说话间要落子的手又被姜兆挪了挪,换了个位置。

姜兆叹道:“我明白,致远有远见,但对朝廷也不是非常放心,想试探一二实属正常,毕竟这些年……朝廷确实做错了很多事。”

边关拖欠饷银已经不是一年两年了,其实这个问题多年来一直存在,只是近几年才越来越明显。

作为久居京城,看着赵志长大的姜兆来说,他对赵志自然是十分信任,相信他能扭转乾坤。

但对于身在边关,这些年吃了朝廷不少亏的袁荆等人来说,无论是对朝廷还是对赵志,都不可能像他这般放心。
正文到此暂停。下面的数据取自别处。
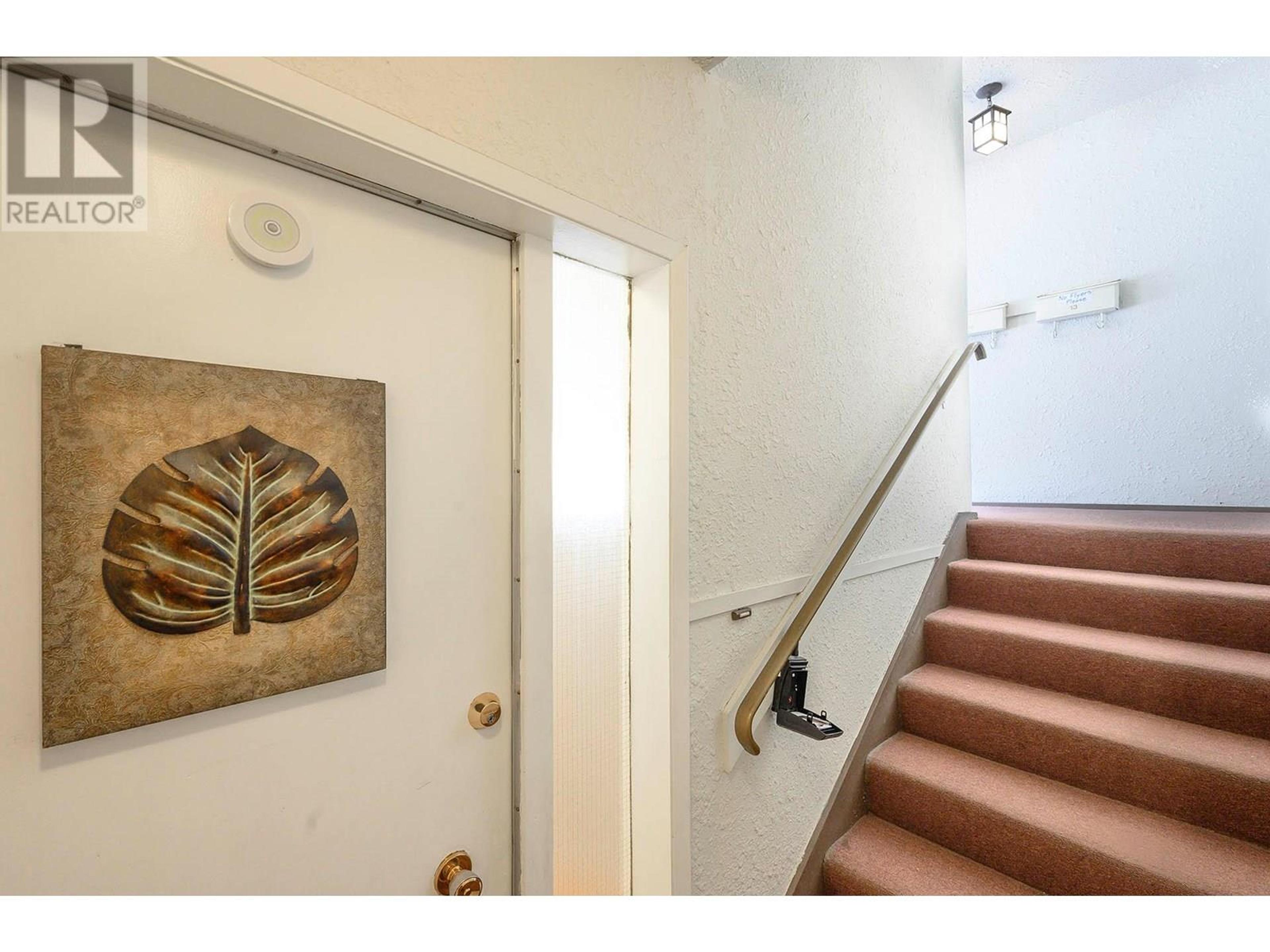 #13 137 MCGILL ROAD - Image 19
姜兆甚至想过,是不是在霍振邦心里,也不愿再相信朝廷了。

若真是如此,那赵志将面临的局面会比现在艰辛万倍。

霍云腾没想到身为帝师的姜兆会这么说朝廷,有些惊讶,但也紧紧是惊讶而已,绝不会因为这么简单的几句话就觉得姜兆是站在他们这边的。

相反,在看到了徐陌青跟姜兆非同寻常的关系后,他甚至不太信任他了。

所以姜兆说完这几句后他没有接话,既没说他说的不对,也没因为戳中了自己的心事就跟着应和。
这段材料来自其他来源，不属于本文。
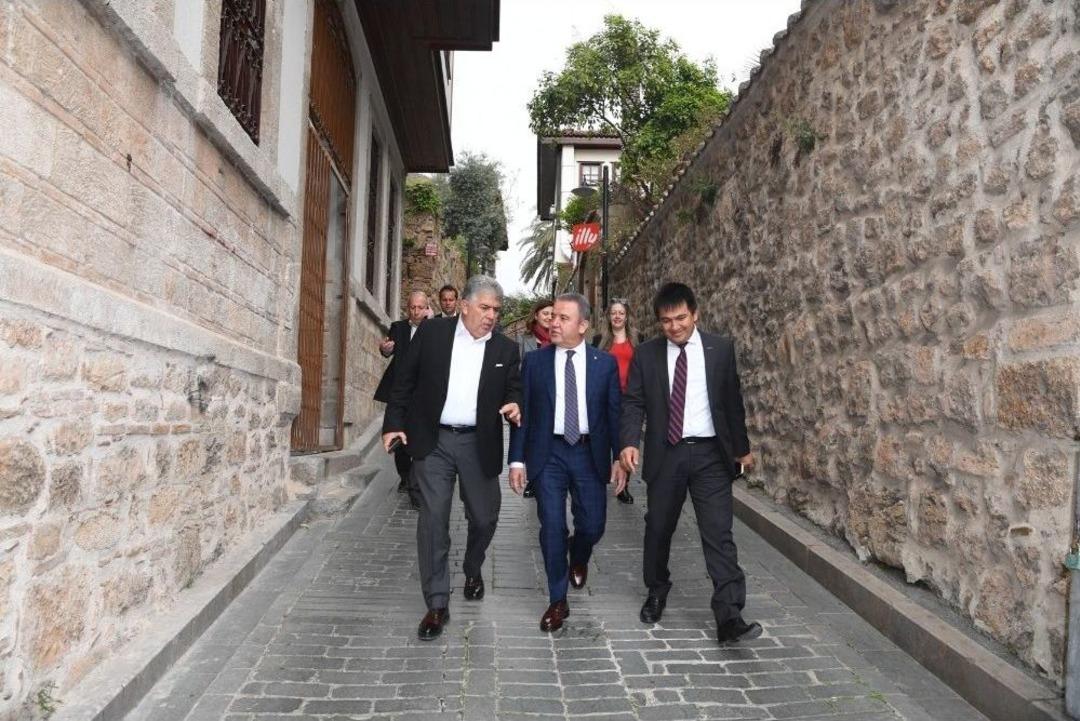 Başkan B&ouml;cek, Esnafla Buluştu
姜兆又代他走了一步棋,道:“世子今年二十一岁,文琰与你年纪相仿,你们原本其实不必如此剑拔弩张。静下心来好好谈谈,能化敌为友也说不定呢。”

霍云腾避开他的手,不再让他帮忙,自己下了一步棋。

“先生桃李天下,又是帝师,远不止徐大人这一个学生,原本也大可不必为他说和。若非如此,我能好好与先生下一局棋也说不定呢。”

啪。

白子将黑子的去路堵死:“连我都下不过,就别在先生面前丢人现眼了,班门弄斧。”

“文琰,”姜兆嗔道,“好好说话。”

“跟会好好说话的人才能好好说话,跟不会好好说话的人,如何好好说话?”

霍云腾嗤了一声,索性将手中棋盒往旁边一丢。

“我原本也不会下棋,徐大人又何必委屈自己跟我下棋呢?”

“你我都不是那谦光自抑之人,既然如此,就不必在这里装模作样了。”

他说着起身,对姜兆拱手道:“太傅,晚辈棋艺不精,不敢扰了太傅雅兴,太傅还请另寻他人来对弈吧。”

“至于徐大人……”

他转头看向徐陌青:“军饷之事,我断不会退让的,徐大人若坚持要折减军饷,裁撤边军,那我们就各凭本事吧。”

说完再度对姜兆施礼:“告辞。”

他大步离去,徐陌青看着眼前没下完的棋局,也没有继续的兴致,将棋子一颗颗地收了起来。

“师父不必为了我如此大费周章,”他一边收着棋子一边说道,“您是什么辈分?霍谨行又是什么辈分?便是他爹靖国公来了,也不敢这般跟您说话。”

姜兆叹了口气:“你也是脾气拧,何必与霍世子如此?”

“我与他不如此,京中人才会觉得奇怪吧?”

“若是做戏,那也不必如此认真。”

“我确实与霍世子不合,不必做戏。”

徐陌青道。

姜兆听他这语气,就知道他是真的跟霍云腾合不来,而且不愿让步。